In my view, there is little chance the Germans are going to allow the EU to ride to the rescue of the Greeks. All of the bailout chatter does not really consider the domestic political constraints in Germany.
First, a bit of quick background. Germany was traumatized by two world wars and an intervening period of irrelevance and hyperinflation. As a result, the German national psyche is very much geared toward preventing anything resembling these outcomes in future. First and foremost, that has meant integration with the rest of Europe and a weak military in order to prevent economic nationalism from becoming militaristic in Western Europe’s largest country. Second, this has meant an extreme aversion to high rates of inflation or anything that could lead to inflation or currency revulsion.
As a result, the Germans entered into monetary union with the likes of Italy and Greece despite these nations perceived fiscal profligacy, high inflation and weak currency policies. The thinking at the time was that the stability and growth pact (SGP) would rein in any excesses. However, when France and Germany both breached the magic 3% federal government deficit hurdle of the SGP during the Schroeder government, all bets were off; now Italy and Greece could deficit spend and point to core Europe’s biggest nations as an excuse – and this is exactly what has transpired.

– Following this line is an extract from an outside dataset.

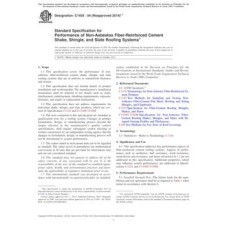 ASTM C1459-04(2019)e1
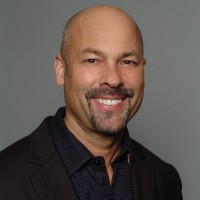 Kevin Freeman Smith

Now, it has to be remembered that the Euro was adopted in Germany without any democratic vote by the German electorate. It was imposed by fiat from the Federal Government unlike in Denmark where the Euro was put to vote before the electorate and rejected. In fact, there was a lot of concern in Germany at the time that the Germans would have rejected the Euro had it been voted upon – and this is the very reason a vote was not held.
Many ordinary Germans feel their good money is now being trashed. They already had a currency union between Ostmark and Deutsche Mark, with Western Germans submitting to a “solidarity tax” in order to finance the upgrading of Eastern Germany’s infrastructure. So, to this day, many Germans look at larger Euro notes to determine if they were printed by the Germans, Italians, or Greeks – sometimes rejecting notes printed in countries viewed with suspicion like Italy (see the Telegraph’s 2008 story on this here).
With this as background, you should see the 2009 election of the CDU/CSU/FDP coalition as a signal that the German government is unlikely to submit to a bailout. With the FDP replacing the SPD in government, the likelihood of a Greek bailout decreases. The FDP is the libertarian junior partner in this new coalition (the same coalition which produced the SGP, by the way) and they are under enormous pressure from their constituents not to permit any bailouts. If Germany allows German tax dollars to go to the EU in order to bail out the perceived profligacy of Italy or Greece, there would be riots. Spain is another story – but Greece is known as fiscally profligate in Germany – so bailing them out is unacceptable politically. Let’s not forget that Germany has its own problems in banking as well.
That’s the politics of the issue in Germany. And I see this as important now that Greece is the country under pressure in Europe instead of, say, Austria. This is one reason I have predicted the IMF would likely be used as a ‘bailout’ vehicle.
However, Marshall Auerback has pointed me to a recent NYTimes article which gives more direct evidence of the thinking of German policy makers. The article reports:
If Greece needs a bailout, it would be far better for it to seek one from the International Monetary Fund than from other euro-zone countries, Otmar Issing, a former top official of the German and European central banks, said Friday.
“I don’t think that the E.U. can impose the kind of sanctions that would be needed, and it would make Brussels too unpopular,” Mr. Issing said during an interview by telephone from his office near Frankfurt. “A better way is for Greece to approach the I.M.F. It is the only institution that can impose strict enough conditions.”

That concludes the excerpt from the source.